Reserve some number of GPUs for your job using the SLURM gres option.
(optional) Communicate the GPU ordinal to your executable using the SLURM_JOB_GPU variable.

Most of the GPU equipped compute nodes on Talapas have 4 GPUs per node (Run /packages/racs/bin/slurm-show-gpus to see more information) Suppose we only needed one GPU for our simulation, then our job script may take the (new) form

#!/bin/bash

#SBATCH --account=<myPIRG>    ### Account used for job submission
#SBATCH --partition=gpu       ### Similar to a queue in PBS
#SBATCH --job-name=GPUjob     ### Job Name
#SBATCH --time=1-00:00:00     ### Wall clock time limit in Days-HH:MM:SS
#SBATCH --nodes=1             ### Node count required for the job
#SBATCH --ntasks-per-node=1   ### Nuber of tasks to be launched per Node
#SBATCH --gpus=1              ### General REServation of gpu:number of gpus
./my_executable $SLURM_JOB_GPUS

In this example, the program my_executable expects the GPU ordinal as an input. We use of the variable SLURM_JOB_GPUS to pass that information from SLURM without knowing a-priori which GPU I will run on.

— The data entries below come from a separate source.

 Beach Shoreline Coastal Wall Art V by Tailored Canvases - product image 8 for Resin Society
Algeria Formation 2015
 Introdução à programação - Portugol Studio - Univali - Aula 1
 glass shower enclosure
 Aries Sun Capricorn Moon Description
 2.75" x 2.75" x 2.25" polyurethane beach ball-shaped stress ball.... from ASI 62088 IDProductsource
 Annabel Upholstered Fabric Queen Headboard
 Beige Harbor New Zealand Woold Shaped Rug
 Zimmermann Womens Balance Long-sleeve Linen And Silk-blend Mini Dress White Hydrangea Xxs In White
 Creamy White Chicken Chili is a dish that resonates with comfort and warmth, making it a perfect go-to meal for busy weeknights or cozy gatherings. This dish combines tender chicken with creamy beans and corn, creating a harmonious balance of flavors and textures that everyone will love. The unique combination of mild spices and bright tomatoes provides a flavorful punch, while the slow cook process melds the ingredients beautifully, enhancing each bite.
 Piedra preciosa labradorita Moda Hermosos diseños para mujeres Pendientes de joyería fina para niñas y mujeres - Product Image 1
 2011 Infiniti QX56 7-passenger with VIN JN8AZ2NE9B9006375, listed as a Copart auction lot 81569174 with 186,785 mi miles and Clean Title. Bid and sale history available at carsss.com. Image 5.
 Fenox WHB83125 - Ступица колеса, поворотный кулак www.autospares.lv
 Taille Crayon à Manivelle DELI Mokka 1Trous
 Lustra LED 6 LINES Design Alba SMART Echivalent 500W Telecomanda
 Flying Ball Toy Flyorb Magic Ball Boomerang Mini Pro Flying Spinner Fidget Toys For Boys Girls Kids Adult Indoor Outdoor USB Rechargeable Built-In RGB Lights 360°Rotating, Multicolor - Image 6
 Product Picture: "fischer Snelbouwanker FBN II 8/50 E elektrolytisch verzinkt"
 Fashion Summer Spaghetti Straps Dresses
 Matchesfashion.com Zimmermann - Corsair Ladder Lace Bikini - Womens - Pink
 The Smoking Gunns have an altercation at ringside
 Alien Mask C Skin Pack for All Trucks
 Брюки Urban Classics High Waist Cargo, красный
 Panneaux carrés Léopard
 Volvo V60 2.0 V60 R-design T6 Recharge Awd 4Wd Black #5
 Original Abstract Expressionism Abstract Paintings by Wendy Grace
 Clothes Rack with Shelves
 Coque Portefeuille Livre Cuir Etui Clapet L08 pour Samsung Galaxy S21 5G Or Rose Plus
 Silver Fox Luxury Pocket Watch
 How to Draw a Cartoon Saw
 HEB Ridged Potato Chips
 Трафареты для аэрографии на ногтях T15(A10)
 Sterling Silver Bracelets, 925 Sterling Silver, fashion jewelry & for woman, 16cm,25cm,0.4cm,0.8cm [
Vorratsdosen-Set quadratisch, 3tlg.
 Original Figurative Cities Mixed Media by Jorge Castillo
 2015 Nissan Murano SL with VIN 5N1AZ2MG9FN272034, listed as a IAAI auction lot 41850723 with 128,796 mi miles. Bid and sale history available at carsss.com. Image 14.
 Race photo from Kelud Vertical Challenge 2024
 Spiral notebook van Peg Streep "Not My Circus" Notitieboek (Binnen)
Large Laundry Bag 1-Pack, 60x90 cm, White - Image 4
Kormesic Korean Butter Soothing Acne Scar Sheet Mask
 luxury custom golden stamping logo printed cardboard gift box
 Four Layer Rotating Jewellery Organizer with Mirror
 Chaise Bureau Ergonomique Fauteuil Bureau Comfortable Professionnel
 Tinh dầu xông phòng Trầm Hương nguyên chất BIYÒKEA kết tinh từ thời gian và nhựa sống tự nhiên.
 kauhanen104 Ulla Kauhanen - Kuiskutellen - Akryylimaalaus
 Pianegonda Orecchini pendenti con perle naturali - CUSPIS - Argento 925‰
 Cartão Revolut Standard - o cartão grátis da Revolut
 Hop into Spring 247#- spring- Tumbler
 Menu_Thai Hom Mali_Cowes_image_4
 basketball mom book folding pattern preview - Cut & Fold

SLURM_JOB_GPUS is a list of the ordinal indexes of the gpus assigned to my job by slurm. With the request of a single GPU, this variable will store a single numeral from 0 to 3 (we have 4 GPUs on each node). If I wanted to use two GPUs, I would change gres=gpu:1 to gres=gpu:2, and then SLURM_JOB_GPUS would store a list of the form 0,1 (for example).

NOTE: The SLURM_JOB_GPUS variable is not set when using srun. The variable GPU_DEVICE_ORDINAL is set when using srun or sbatch and can be used instead.

There is also an old form that is similar. For most purposes, the new form is what you should use. Note, however, that with the new form, it’s very important to specify --nodes=1 if you need all of the GPUs to be allocated on a single node.

#!/bin/bash

#SBATCH --account=<myPIRG>    ### Account used for job submission
#SBATCH --partition=gpu       ### Similar to a queue in PBS
#SBATCH --job-name=GPUjob     ### Job Name
#SBATCH --time=1-00:00:00     ### Wall clock time limit in Days-HH:MM:SS
#SBATCH --nodes=1             ### Node count required for the job
#SBATCH --ntasks-per-node=1   ### Nuber of tasks to be launched per Node
#SBATCH --gpus=1              ### General REServation of gpu:number of gpus

./my_executable $SLURM_JOB_GPUS

GPU types

Currently, the gpu and gpulong partitions contain only NVidia A100 GPUs. Thus, you don’t need to explicitly specify a GPU type. Similarly, most other partitions contain only one kind of GPU.

Nvidia A100’s have a feature called “Multi-Instance-GPU Slicing” or MiG slicing that lets you split up the A100 into multiple “virtual GPUs” with a section of the total card’s VRAM allocated to each MiG device. On Talapas we have different slice’s available with vram settings of 10,40, and 80Gbs. To specify the amount of vram you want you would add a constraint flag to your sbatch script where the constraint can be ONE of: --constraint=gpu-10gb,gpu-40gb,gpu-80gb

The notable exception is the preempt partition, which contains most Talapas nodes. The easiest way to see the available types is by running the command /packages/racs/bin/slurm-show-gpus.

Alternatively, you can use node features (with the --constraint flag) to limit your job to other GPUs (if available in your partition) by tagging the gpu card type (i.e. a100, l40s, a40, v100, or h100). See available node features by running: /packages/racs/bin/slurm-show-features.